20 sobering things that we need to understand

Doctor of Sociology, Adam Sanford responded to the question of what we mean when grow up. And we grow up not in terms that reach a certain age society framework from which to start growing up and getting older really psychologically.

And the sooner you realize this, the sooner grow up really ...




1. You will be harder and harder to move away from their parents. They will still want you to have done so, as they say. This is normal and not to anything you do not oblige. In every man's life there comes a time when he actually realizes that he needs to be better than his parents.

2. You are not the center of the universe. And he had never been.

3. There are people who saw your suffering, to remain indifferent, or decide that you deserve it, or experience pleasure from it.

4. Nobody is obliged to assist you.

5. You do not need to maintain a relationship with someone who hurt you, even if it is a relative or spouse. Even if this person is up to you. You are free to choose.

6. If you are arguing a lot of people about the same things - the problem is you. My friend put it this way: if someone tells you that you are a donkey - you can not ignore. But if six or eight sane people agree that you are a donkey - it's time to fall in love with a carrot

. 7. The fact that you are an adult and you have your own life and their own problems, do not give you the right to ignore the suffering of others. Mature people do not think only of themselves. Leave the selfishness of youth.

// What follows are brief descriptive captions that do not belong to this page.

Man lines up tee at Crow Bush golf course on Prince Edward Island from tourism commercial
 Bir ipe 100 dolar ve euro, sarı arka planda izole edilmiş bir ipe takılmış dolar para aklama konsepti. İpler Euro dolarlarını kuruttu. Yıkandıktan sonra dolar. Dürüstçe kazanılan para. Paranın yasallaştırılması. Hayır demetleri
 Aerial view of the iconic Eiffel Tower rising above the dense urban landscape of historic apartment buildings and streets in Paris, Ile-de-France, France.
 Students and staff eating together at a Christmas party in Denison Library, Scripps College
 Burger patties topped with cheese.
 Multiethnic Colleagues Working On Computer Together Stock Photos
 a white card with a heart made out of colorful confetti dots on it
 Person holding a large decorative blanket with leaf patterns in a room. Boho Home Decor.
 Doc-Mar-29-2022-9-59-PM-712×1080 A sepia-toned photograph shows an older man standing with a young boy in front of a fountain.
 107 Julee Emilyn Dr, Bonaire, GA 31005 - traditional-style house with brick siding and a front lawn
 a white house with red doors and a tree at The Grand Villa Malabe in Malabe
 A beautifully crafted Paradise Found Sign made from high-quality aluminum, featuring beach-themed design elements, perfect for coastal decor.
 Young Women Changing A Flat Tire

8. Man is manifested in communion with those whose location can not use. The ratio of service personnel to talk about your personal qualities much more than that, how do you deal with the head.

9. If you have to choose between raising and friendship, friendship choose.

10. If you want to make a better world, start with yourself.

11. Sometimes, you are helping someone, and it helps to answer, but it does not always happen. Sometimes a person has no such opportunity. Or he does not realize it. Someone hard to admit that he needed help. Doing good, no need to wait for the same response: otherwise it is blackmail, not aid

. 12. People will disagree with you. People will dislike you. But also there will be those who understands you and loves. Communicate a lot - with those to whom you are pleasant, and some - those who are not. To complete the picture.

13. Many people your age have not yet learned these truths. It does not release you from the obligation to behave like an adult. Someone he had never become, but not you.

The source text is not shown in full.